Plaintiff appealed the decision of the Rehabilitation Court, and the case was reviewed by the Supreme Court.

2. Summary of the Judgment

Upon review, the Supreme Court held that the relevant clause does not violate the principle of shareholder equality because there were circumstances justifying Plaintiff receiving treatment different from other shareholders. The Supreme Court also held that the clause does not contravene the principle of capital protection nor the DRBA.

In so holding, the Supreme Court found that:

(i) Plaintiff controlled approximately 5% of the voting shares which gave Plaintiff the right to participate in Defendant’s important decision-making, and the acquisition price paid by Plaintiff would have significantly contributed to securing Defendant’s liquidity and increasing its capital;

(ii) It cannot be presumed that other shareholders have suffered substantial or direct harm or disadvantage as a result of Plaintiff exclusively holding the right to consent – rather, the clause allowed for monitoring Defendant’s compliance; and

(iii) Above all, the claim for damages in this case occurred as a consequence of Defendant’s failure to provide an explanation and cure the breach within two weeks of receiving Plaintiff’s notice, which would have exempted Defendant from liability.

Regarding the principle of capital protection and the DRBA, the Supreme Court held that, as liability for damages arises only when Defendant violates the obligation to seek Plaintiff’s prior consent before applying for the commencement of rehabilitation proceedings, it cannot be said that Plaintiff recovered its investment even though there was no distributable profit, or that Plaintiff, a minor shareholder, turned into a creditor of superior position just because rehabilitation proceedings have commenced.

3. Significance of the Judgment

The principle of shareholder equality provides that shareholders of a company should be treated equally with respect to their rights and obligations in their position as shareholders. This is an overarching principle applicable to any legal relationship between shareholders and the company. In this case, the Supreme Court appears to have looked beyond the text of the contractual clause and considered as a whole the impact it had on Defendant and Defendant’s shareholders. Since the contract only required Defendant to obtain prior consent from Plaintiff and did not give Plaintiff the right to decide whether to commence rehabilitation proceedings, the Court may have construed this clause to benefit the company and its shareholders as a whole and to require Defendant to make management decisions more carefully.

The Supreme Court previously held that a contract by a company promising to compensate a new shareholder the full price of the shares purchased was null and void because it granted a superior right to one shareholder that are not provided to others and thus violated the principle of shareholder equality (Supreme Court Decision 2018Da23641, 13 August 2020). The Supreme Court seems to have distinguished this case on the grounds that the Agreement provided for liquidated damages which happened to be similar in size to Plaintiff’s investment but did not guarantee an absolute recovery.

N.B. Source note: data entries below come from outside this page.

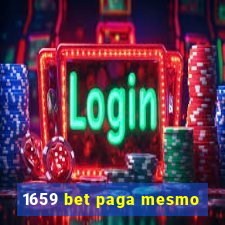 1659 bet paga mesmo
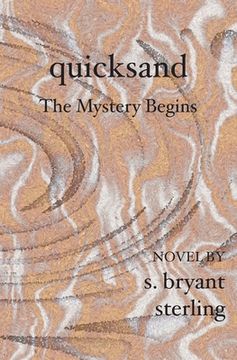 portada Quicksand (en Inglés)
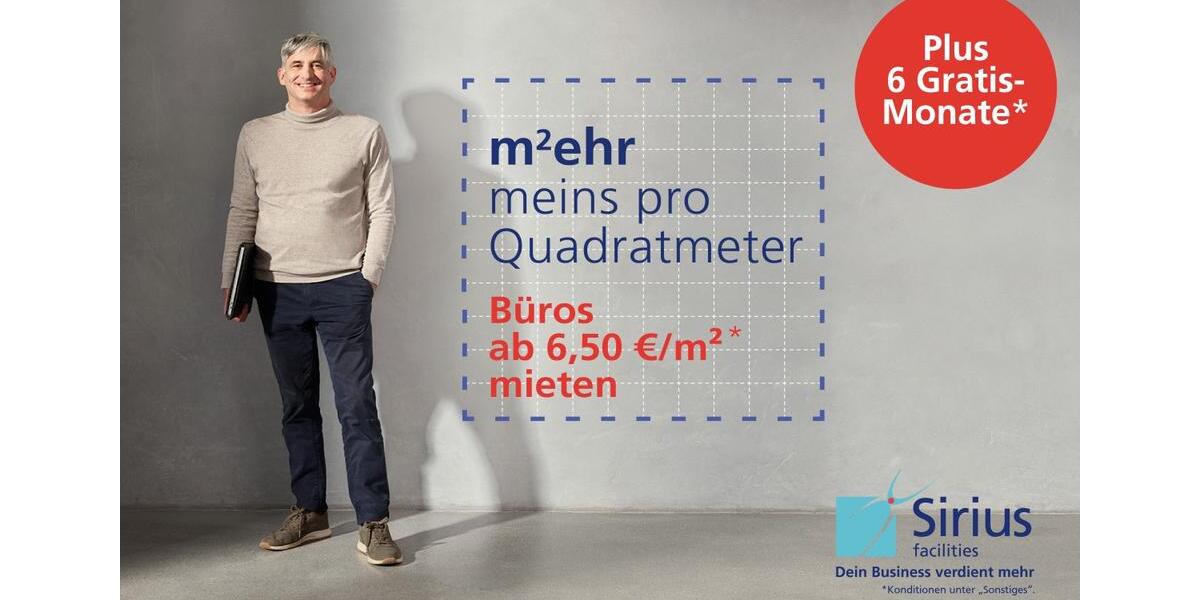 Büroträume werden wahr: Modern, renoviert und optimal gelegen!* zimmer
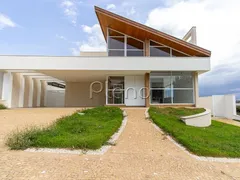 Casa de Condomínio com 4 Quartos à venda, 438m² no Loteamento Mont Blanc Residence, Campinas - Foto 1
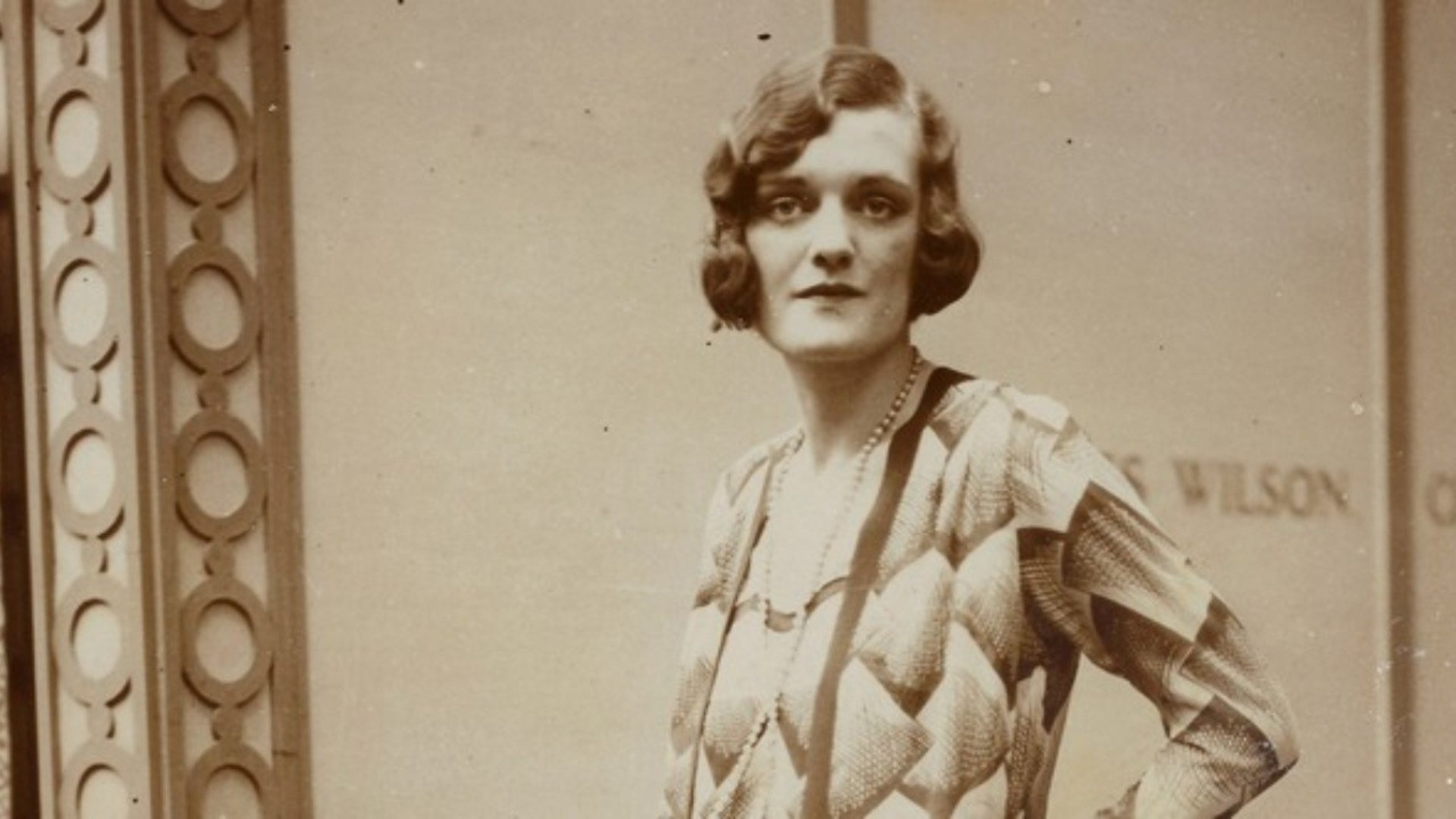 Maria Pavlovna
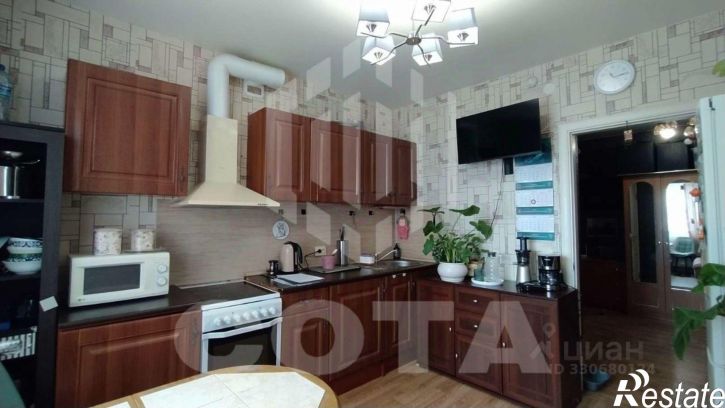 2-комн квартира ул Независимости, 55/3,  д. 55/3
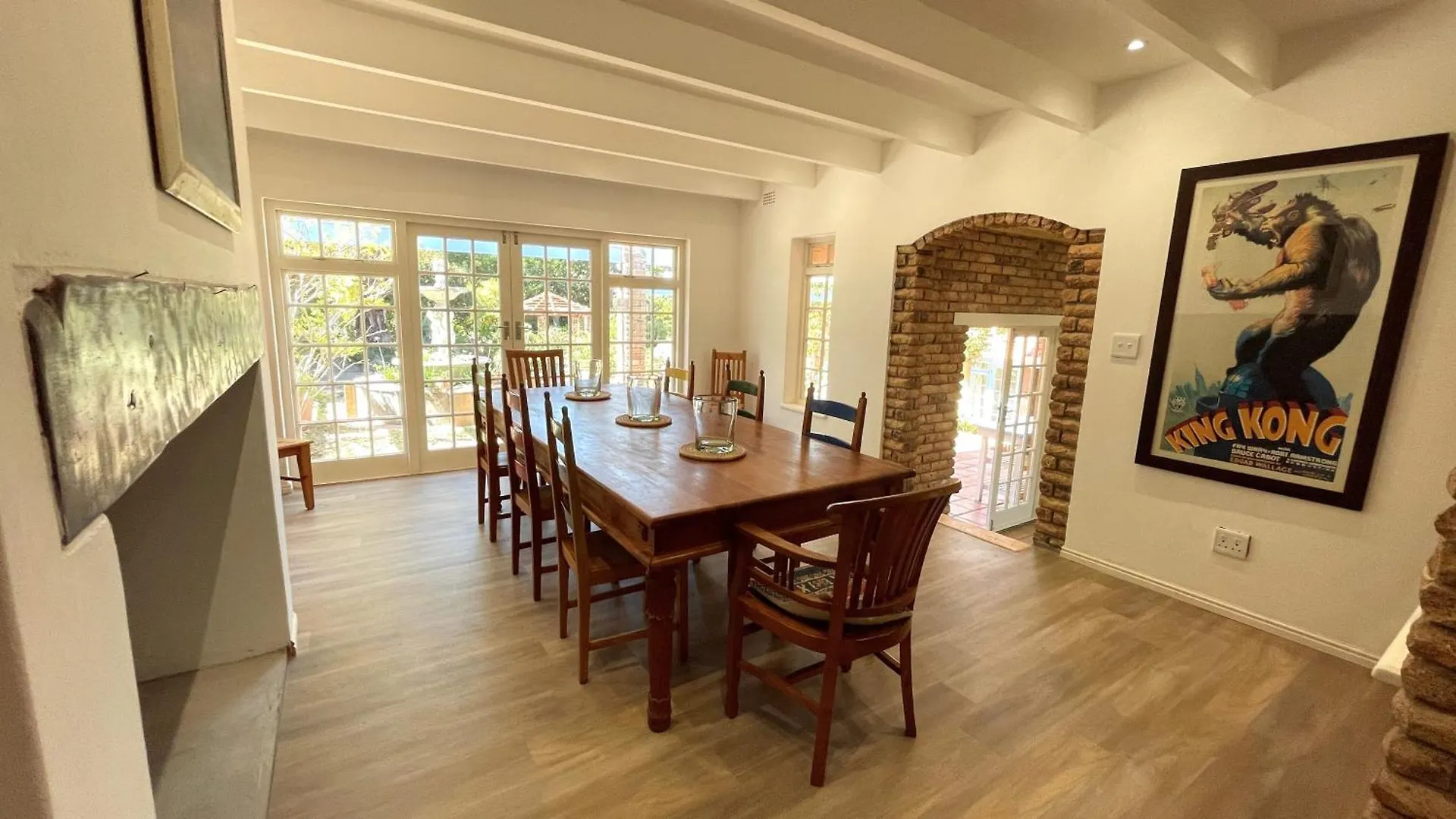 Unique Hout Bay Houseヴィラ 別荘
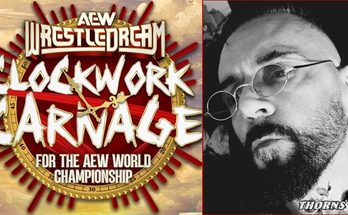 Badrose Thorns: Why Putting Will Ospreay in the Clockwork Carnage Match Ruined a Great Concept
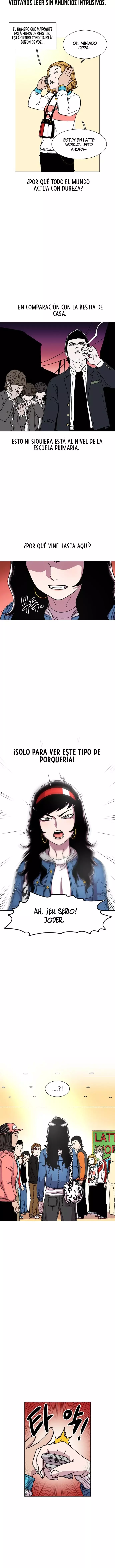 Star Ginseng Store capítulo 14 página 9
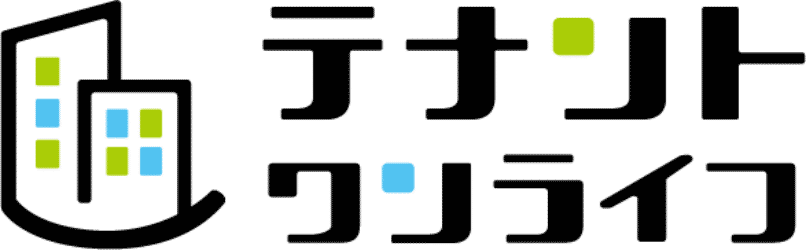 テナントワンライフ ロゴ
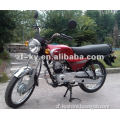 BAJIAJ model motorcycle BOXER, 100cc street bike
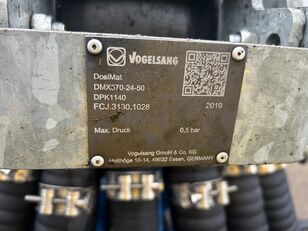 Купить дисковую борону Meyer Gülleinjektor Mixi 6000F - Изображение 10 | Agroline UZ Дисковая борона Meyer Gülleinjektor Mixi 6000F | Изображение 10 - Agroline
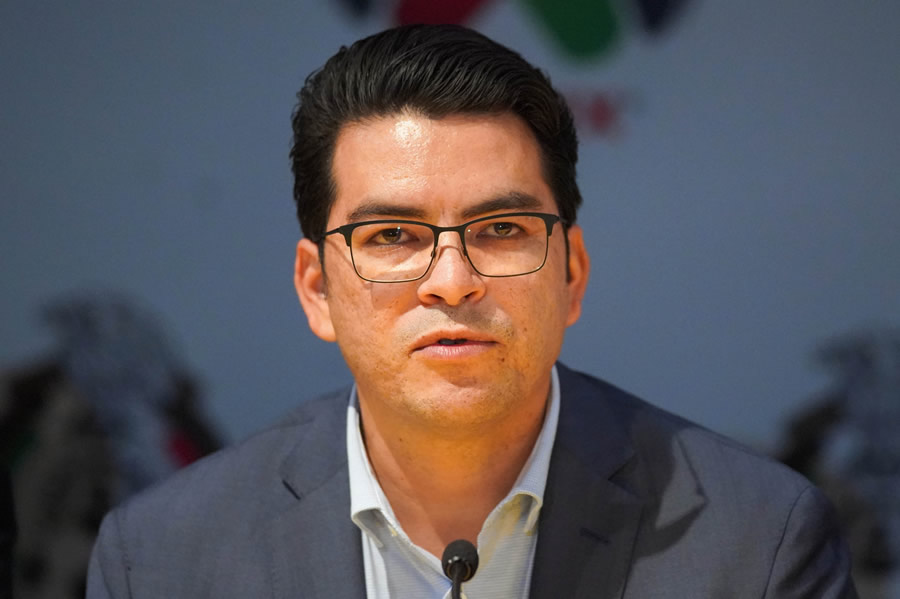La AMF está buscando apoyo de la FIFA. (Imago 7)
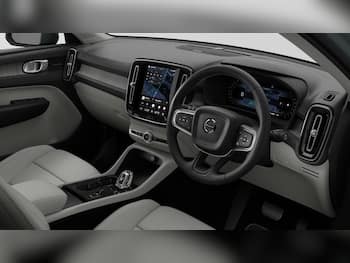 Used Volvo XC40 2026 for sale - 79740673: Photo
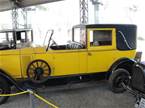 1922 Renault Coupe DeVille Picture 3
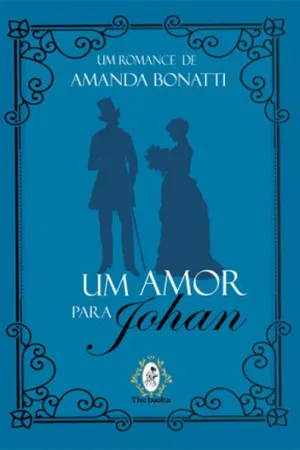 Um amor para Johan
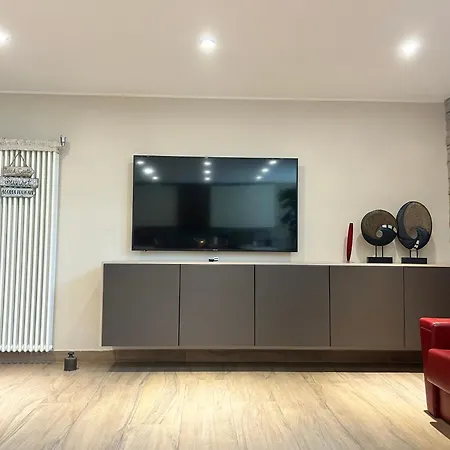 Apartamento R39 Elegant With Private Parking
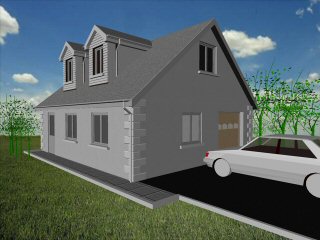Garage 7080C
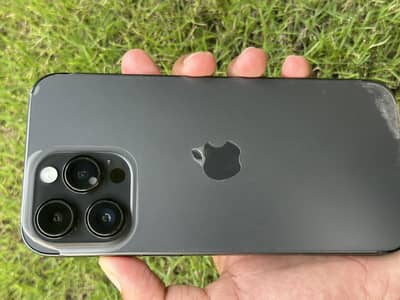 Apple iPhone 14 Pro Max non pta jv waterpack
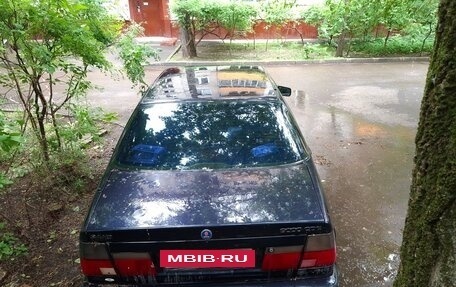 Saab 9000 I, 1997 год, 140 000 рублей, 3 фотография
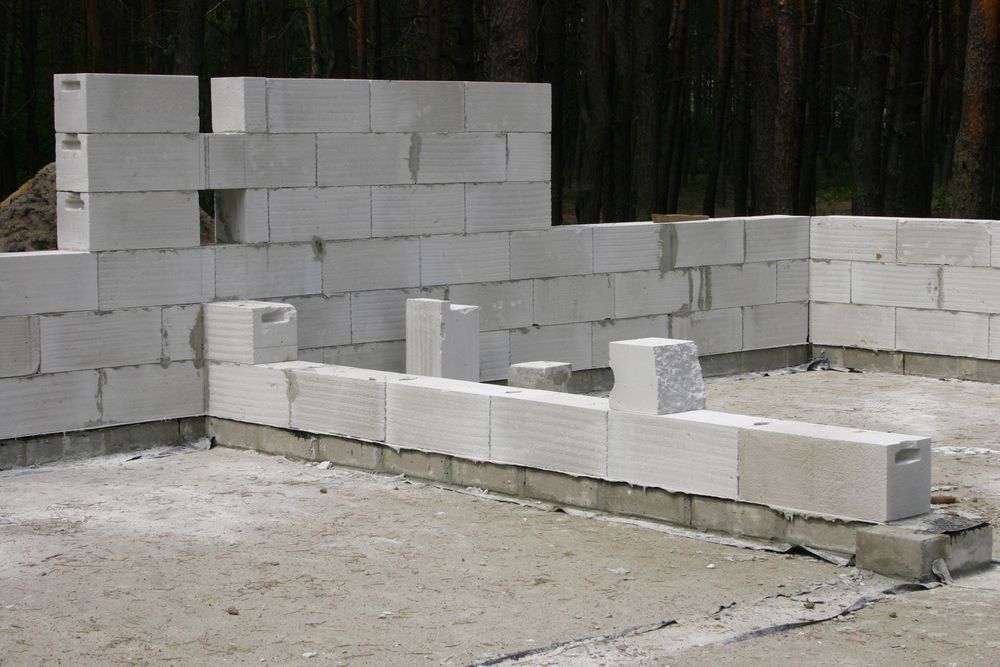 Uslugi budowlane budowa domów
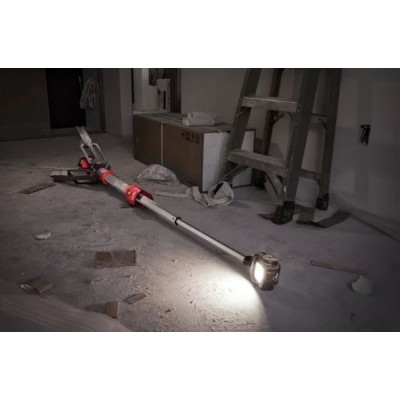 Акумуляторний Ліхтар щогла освітлення Milwaukee M12 SAL-0 (4933464823)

The Judgment signifies that a shareholder’s contractual rights would not be dismissed simply because the company is undergoing rehabilitation proceedings. According to the Supreme Court, denying Plaintiff the right to file rehabilitation claims simply based on its status as a shareholder contravenes the legislative intent of the DRBA. The Judgment will likely have important ramifications in future shareholder agreements.